━━━━━ Material for this task

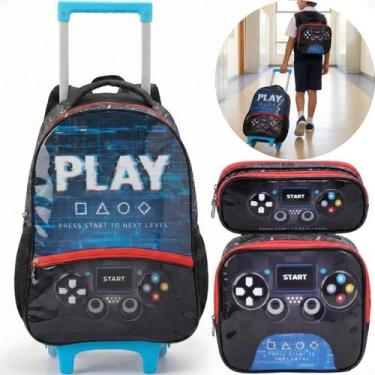 Imagem de Kit Mochila Escolar de Rodinhas Lancheira Estojo Video Game Play Start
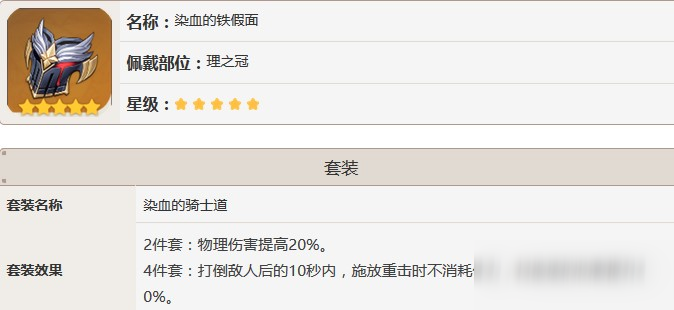 原神染血的騎士道套裝屬性
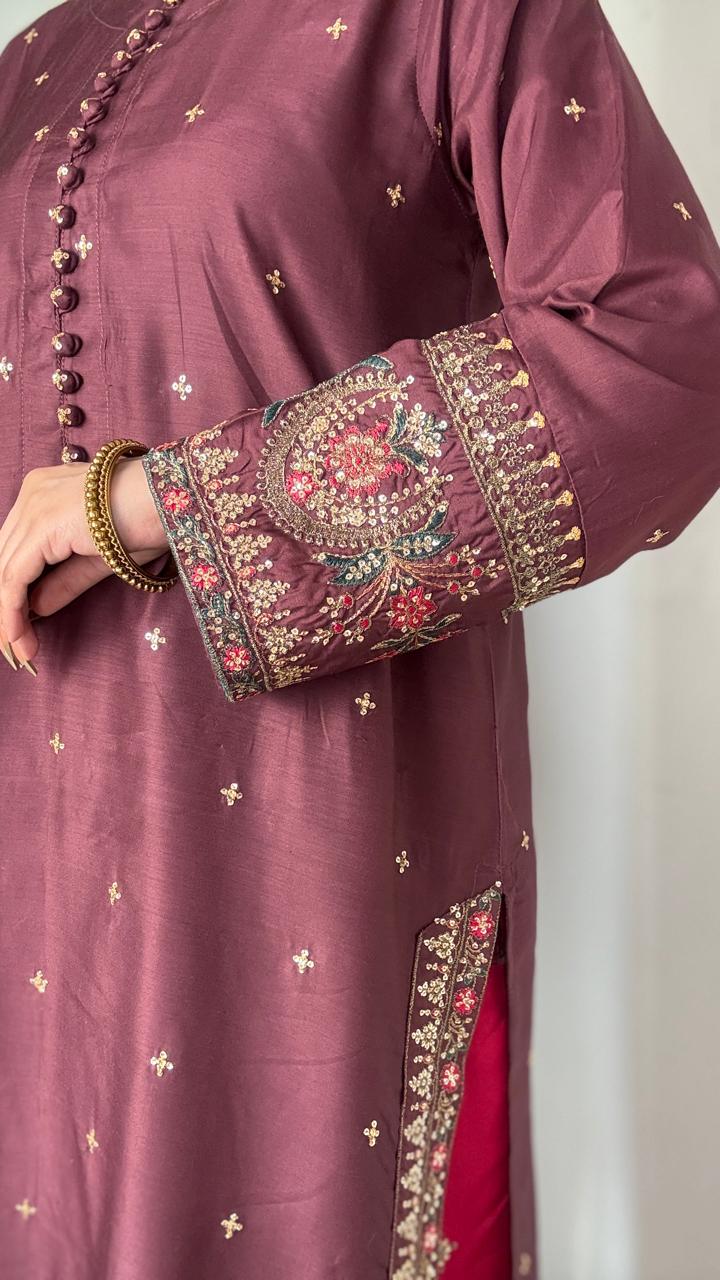 Amna Khurram – Viscose Embroidered Sharara 3 Piece Suit with Chiffon Dupatta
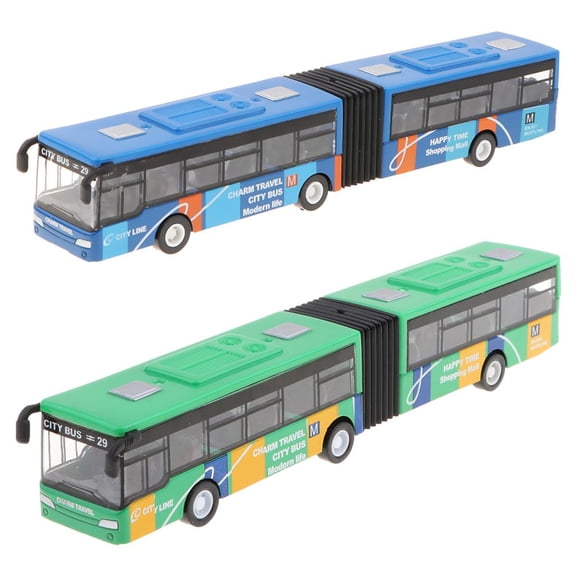 LeeQinersw 2pcs 1:64 Scale Die Cast Pull Back Bus Collectible Model Gifts Car Toy Home Blue Green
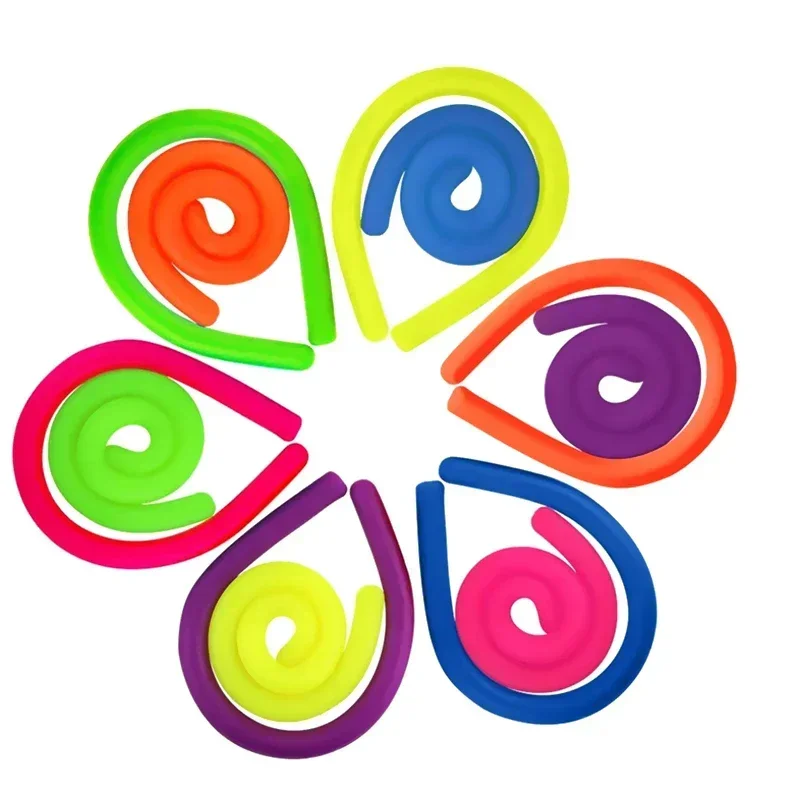 Juguetes sensoriales elásticos coloridos para padres y niños, alivio de la ansiedad y el estrés en el aula, hogar o oficina, 6 uds. - imagen 5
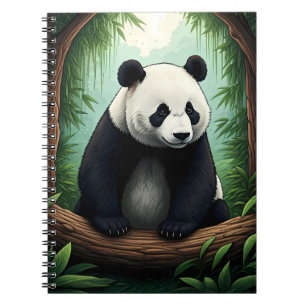 Caderno Espiral Panda em Vegetação Exuberante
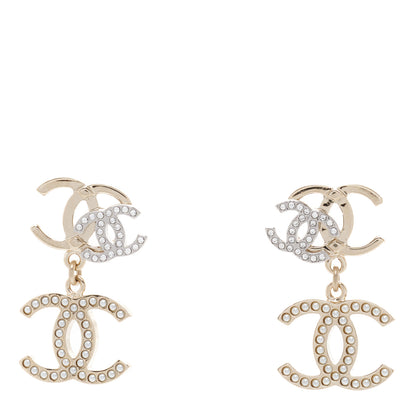 Chanel Crystal Pearl Double CC Drop Earrings Gold Silver 1 of 5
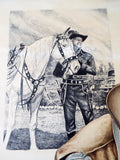 RL Vintage Signed Western Cowboy Watercolor Painting by M Martin - Yesteryear Essentials
 - 8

━━━━━━━━━━

# Task to carry out:
None of the pictures should appear, though every line of the data above must be reproduced exactly.

# Output for this exercise:
 Imagem de Kit Mochila Escolar de Rodinhas Lancheira Estojo Video Game Play Start
 原神染血的騎士道套裝屬性
 Amna Khurram – Viscose Embroidered Sharara 3 Piece Suit with Chiffon Dupatta
 LeeQinersw 2pcs 1:64 Scale Die Cast Pull Back Bus Collectible Model Gifts Car Toy Home Blue Green
 Juguetes sensoriales elásticos coloridos para padres y niños, alivio de la ansiedad y el estrés en el aula, hogar o oficina, 6 uds. - imagen 5
 Caderno Espiral Panda em Vegetação Exuberante
 Chanel Crystal Pearl Double CC Drop Earrings Gold Silver 1 of 5
 RL Vintage Signed Western Cowboy Watercolor Painting by M Martin - Yesteryear Essentials
 - 8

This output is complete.